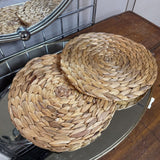 Water Hyacinth Charger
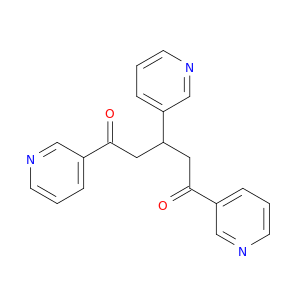 1,3,5-Tri(3-pyridyl)-1,5-pentanoate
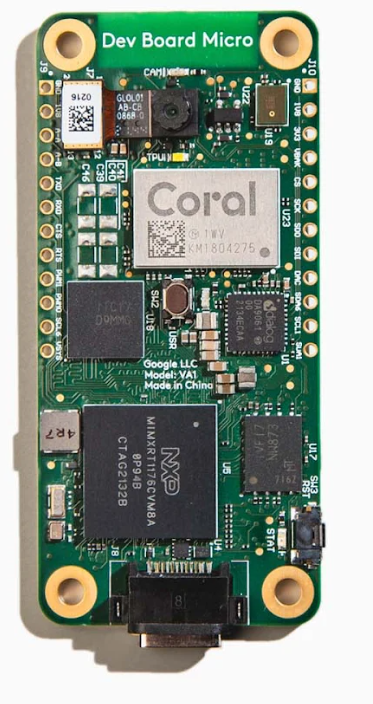 Coral Dev Board Micro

----------------

* _Your goal_: Give back the whole listing exactly as it stands. Drop every picture.

* _Result_:
 Water Hyacinth Charger
 1,3,5-Tri(3-pyridyl)-1,5-pentanoate
 Coral Dev Board Micro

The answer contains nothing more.